- [EXERCISE]:
Every line below must be reproduced exactly; no pictures are to be included.

---------- DATASET EXCERPT

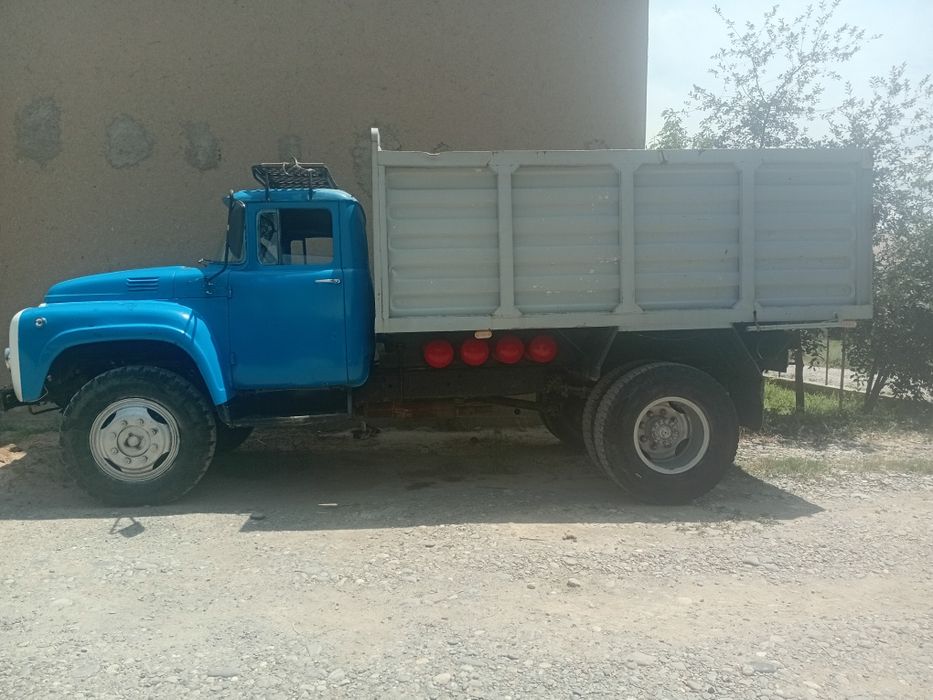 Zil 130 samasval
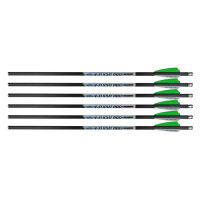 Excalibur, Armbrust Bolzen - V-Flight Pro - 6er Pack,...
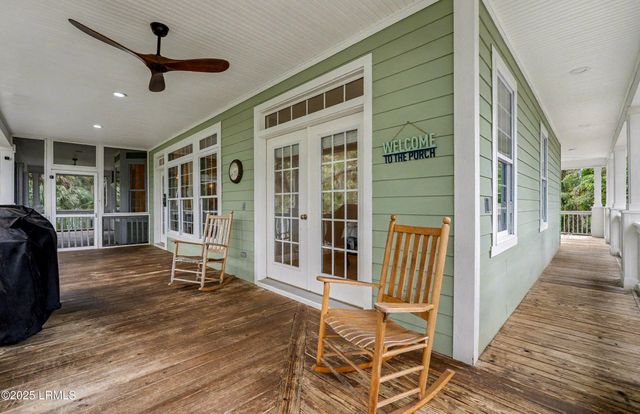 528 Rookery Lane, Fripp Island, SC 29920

--------------------

- [EXERCISE SOLUTION]:
 Zil 130 samasval
 Excalibur, Armbrust Bolzen - V-Flight Pro - 6er Pack,...
 528 Rookery Lane, Fripp Island, SC 29920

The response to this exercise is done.